→ Your goal: Transcribe the records below word for word, leaving every picture out.

[Image-text web data]
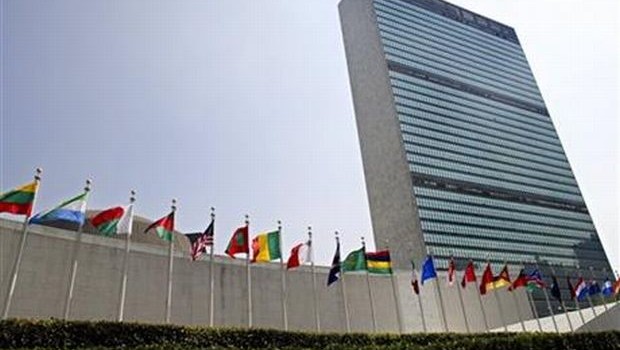  FILE - In this Sept. 13, 2005 file photo, the flags of member nations fly outside the General Assembly building at the United Nations headquarters in New York. (AP Photo/Adam Rountree, File) 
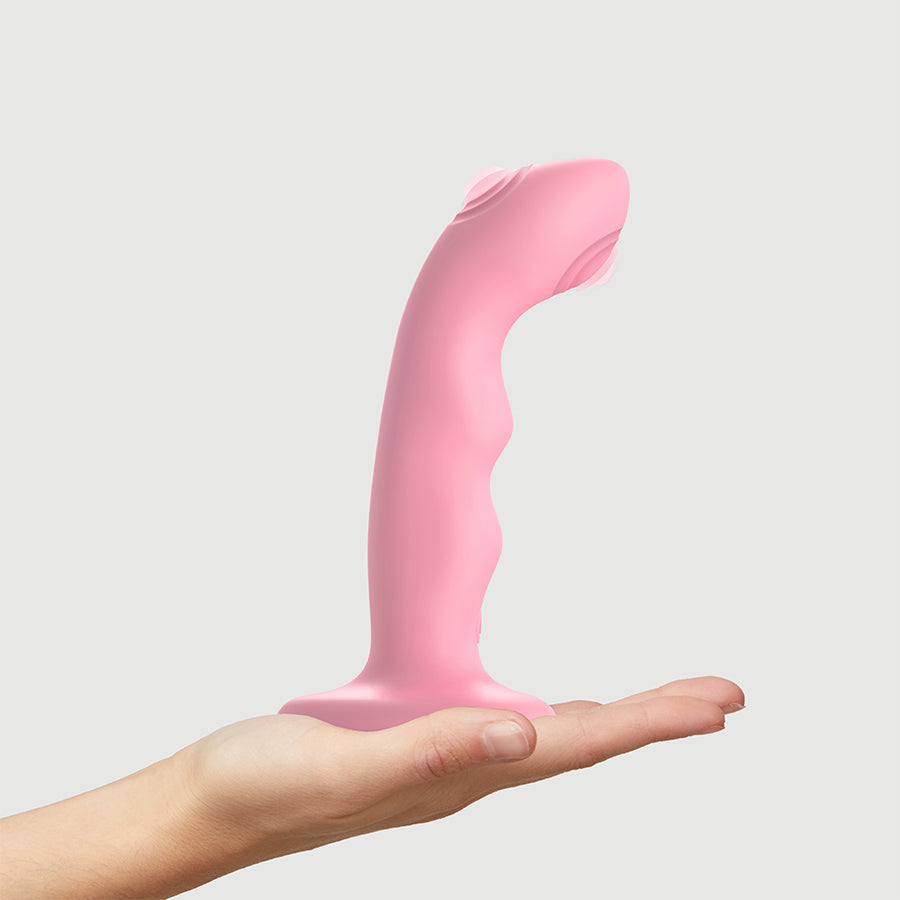 Pink silicone tapping dildo with curved wavy shape and handle, held in hand.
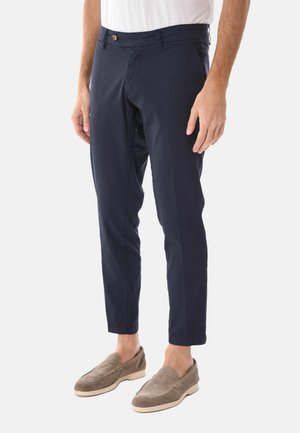 Uomo che indossa pantaloni aderenti blu navy e scarpe beige senza lacci, in piedi contro uno sfondo chiaro uniforme.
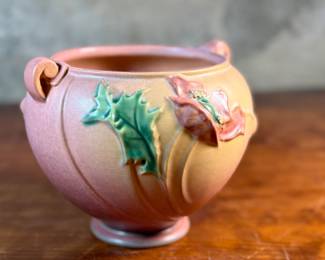 This lot features a Roseville Poppy jardiniere (or vase/planter) in very good condition. The Poppy line of art pottery was introduced by Roseville in 1938. It features raised poppy flowers and buds in a mauve or pink color with vivid green leaves against a shaded background. This vase measures, 6” H x 7.5” W x 7” D.

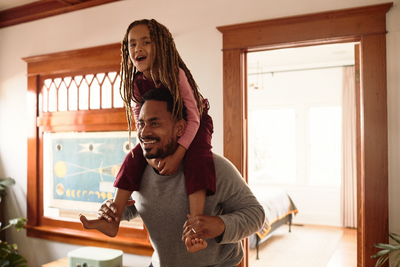 a man holding a little girl on his shoulders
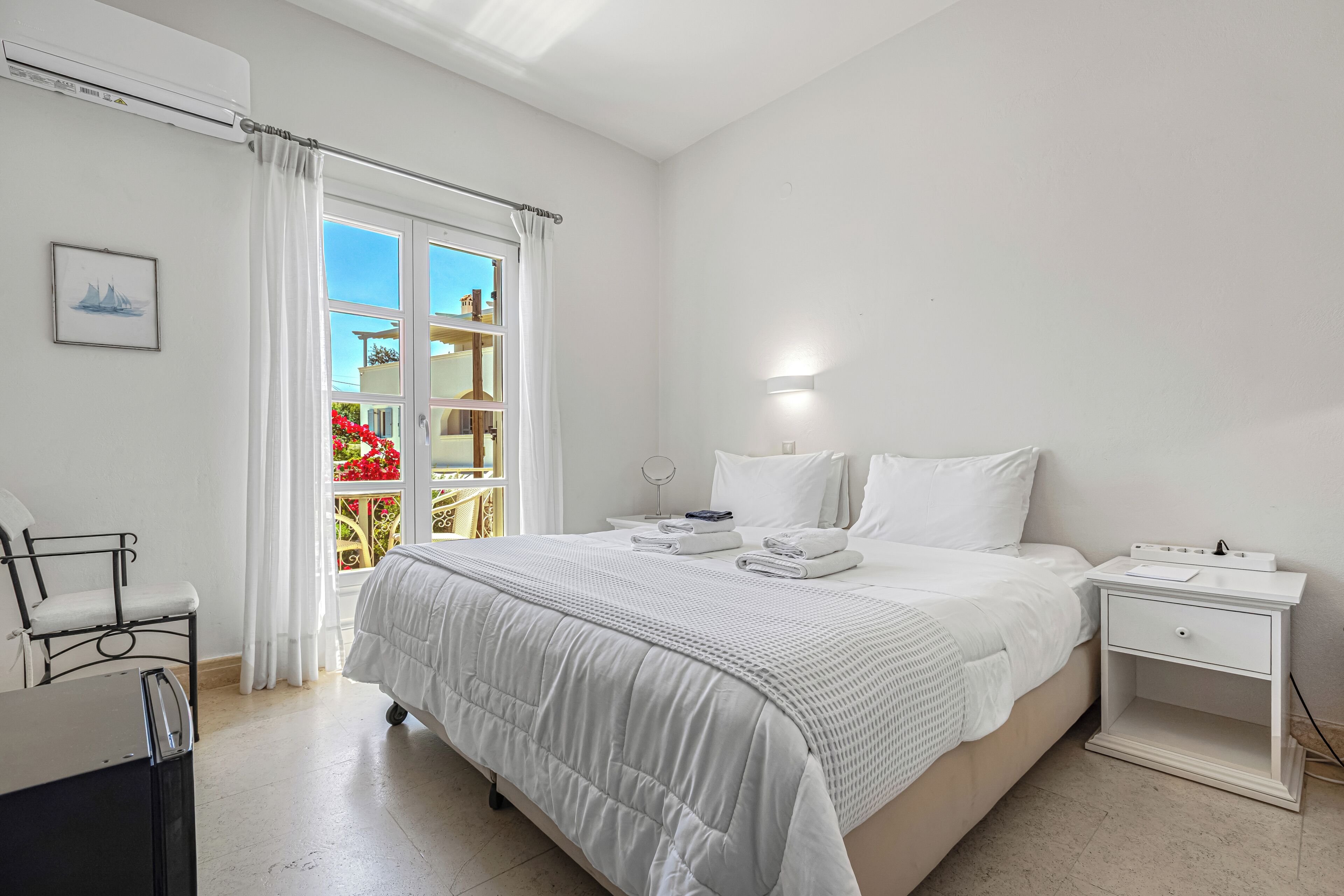 A bedroom with a bed, a bedside table, a chair, a window with curtains, and a wall-mounted light.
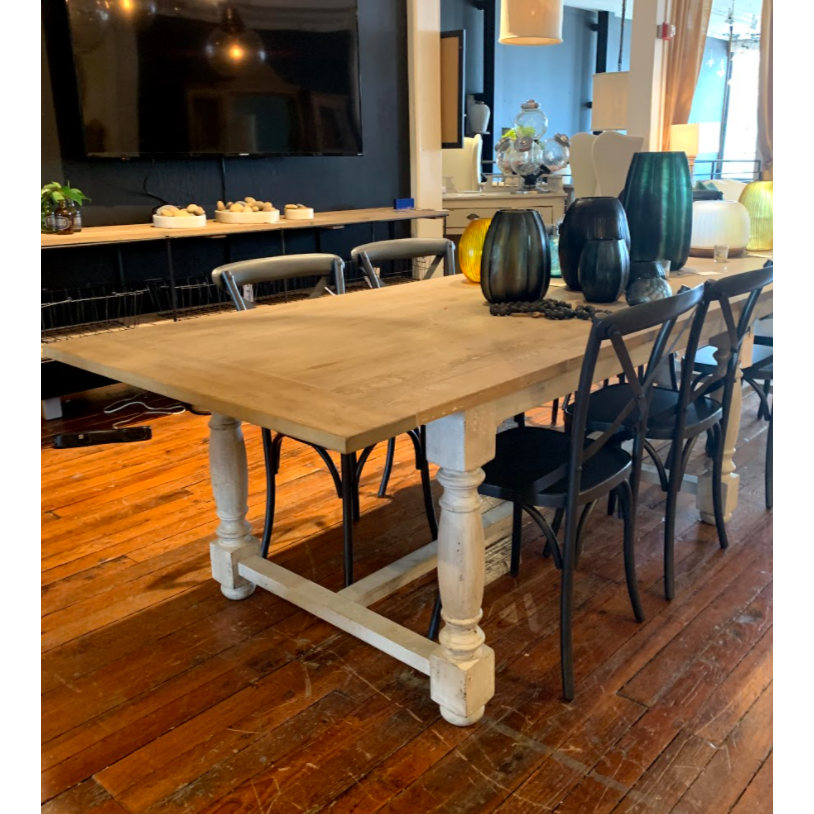 Inspired by the 19th Century French Farm Table, the Bezier Dining Table is redesigned to fit the modern home. The table is made of an oak top with spacious overhanging and white painted pine legs. The Bezier accommodates up to 10 people and fits beautifully in a vintage cabin or modern style home.  Size: 39.4" w x  133.9" l x 30.3" h Materials: Birch Wood, Oak
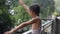 Little kid playing in summer rain in house balcony, Indian smart boy playing with rain drops during monsoon rainy season, kid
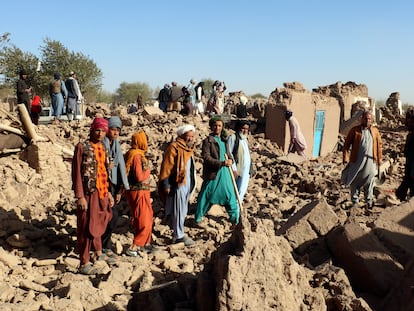 Un grupo de afganos, en medio de casas destruidas por el terremoto en el distrito de Zindah Jan, en la provincia de Herat, este domingo.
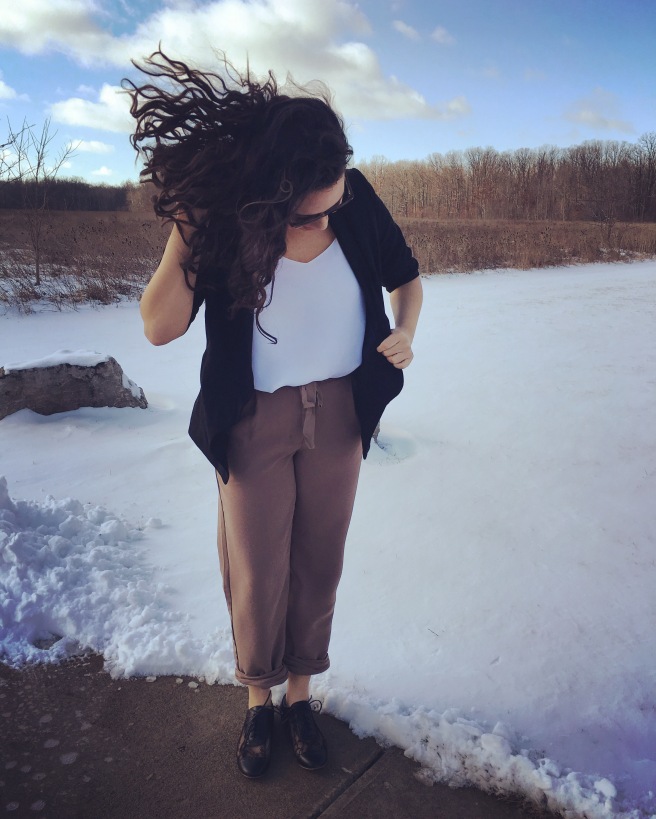 A girl standing outside in the snow flipping her hair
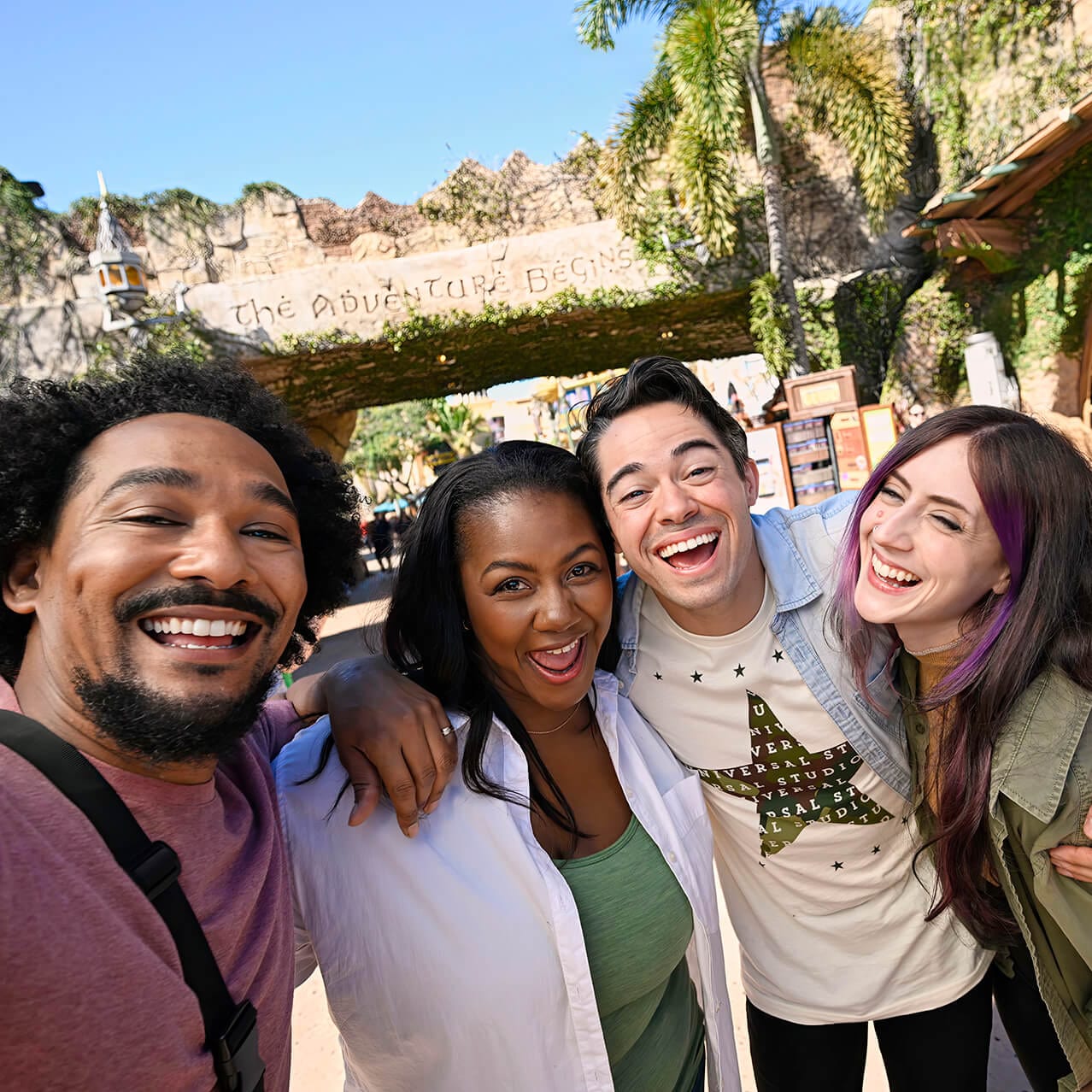 A group of friends happily pose together in front of “The Adventure Begins” at Port of Entry inside Universal Islands of Adventure.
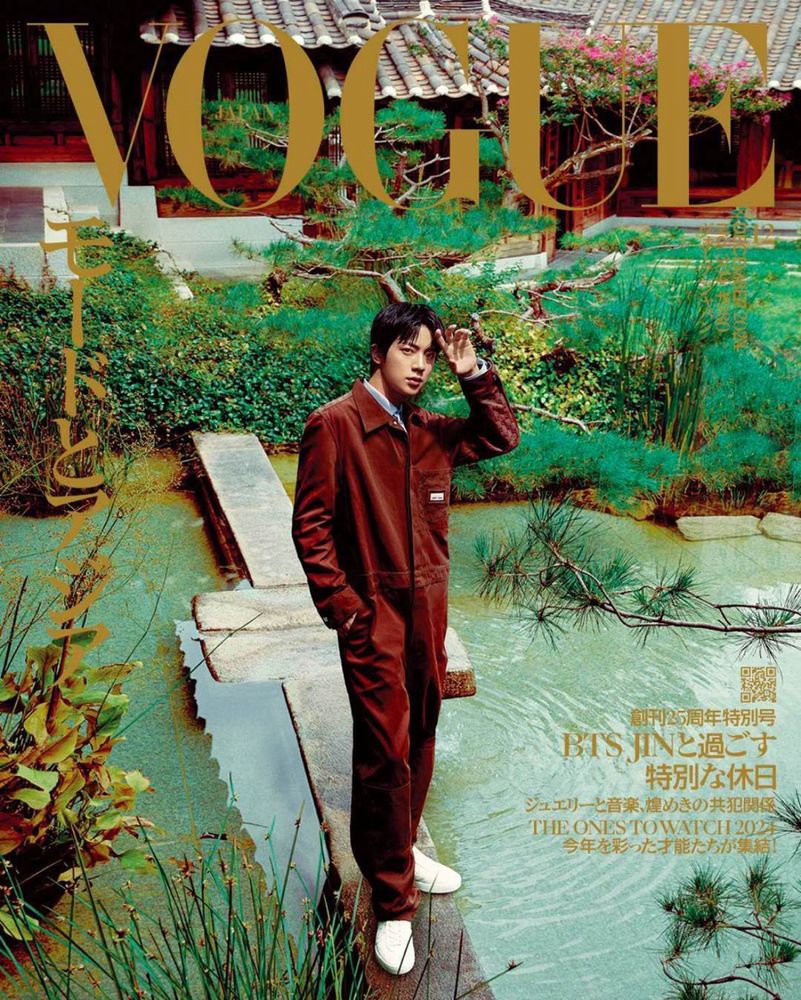 Jin in coordinated maroon / brown-ish outfit standing on a ledge by a body of water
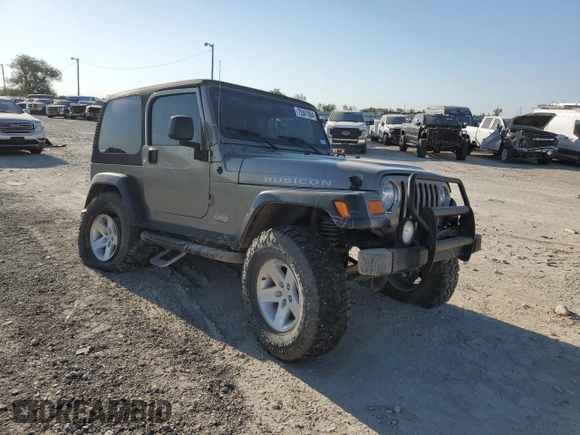 2003 Jeep Wrangler Rubicon with VIN 1J4FA69S73P339925, listed as a Copart auction lot 75341094 with Not provided miles and Salvage title. Bid and sale history available at DreamBid. Image 4.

→ Response:
  FILE - In this Sept. 13, 2005 file photo, the flags of member nations fly outside the General Assembly building at the United Nations headquarters in New York. (AP Photo/Adam Rountree, File) 
 Pink silicone tapping dildo with curved wavy shape and handle, held in hand.
 Uomo che indossa pantaloni aderenti blu navy e scarpe beige senza lacci, in piedi contro uno sfondo chiaro uniforme.
 This lot features a Roseville Poppy jardiniere (or vase/planter) in very good condition. The Poppy line of art pottery was introduced by Roseville in 1938. It features raised poppy flowers and buds in a mauve or pink color with vivid green leaves against a shaded background. This vase measures, 6” H x 7.5” W x 7” D.

 a man holding a little girl on his shoulders
 A bedroom with a bed, a bedside table, a chair, a window with curtains, and a wall-mounted light.
 Inspired by the 19th Century French Farm Table, the Bezier Dining Table is redesigned to fit the modern home. The table is made of an oak top with spacious overhanging and white painted pine legs. The Bezier accommodates up to 10 people and fits beautifully in a vintage cabin or modern style home.  Size: 39.4" w x  133.9" l x 30.3" h Materials: Birch Wood, Oak
 Little kid playing in summer rain in house balcony, Indian smart boy playing with rain drops during monsoon rainy season, kid
 Un grupo de afganos, en medio de casas destruidas por el terremoto en el distrito de Zindah Jan, en la provincia de Herat, este domingo.
 A girl standing outside in the snow flipping her hair
 A group of friends happily pose together in front of “The Adventure Begins” at Port of Entry inside Universal Islands of Adventure.
 Jin in coordinated maroon / brown-ish outfit standing on a ledge by a body of water
 2003 Jeep Wrangler Rubicon with VIN 1J4FA69S73P339925, listed as a Copart auction lot 75341094 with Not provided miles and Salvage title. Bid and sale history available at DreamBid. Image 4.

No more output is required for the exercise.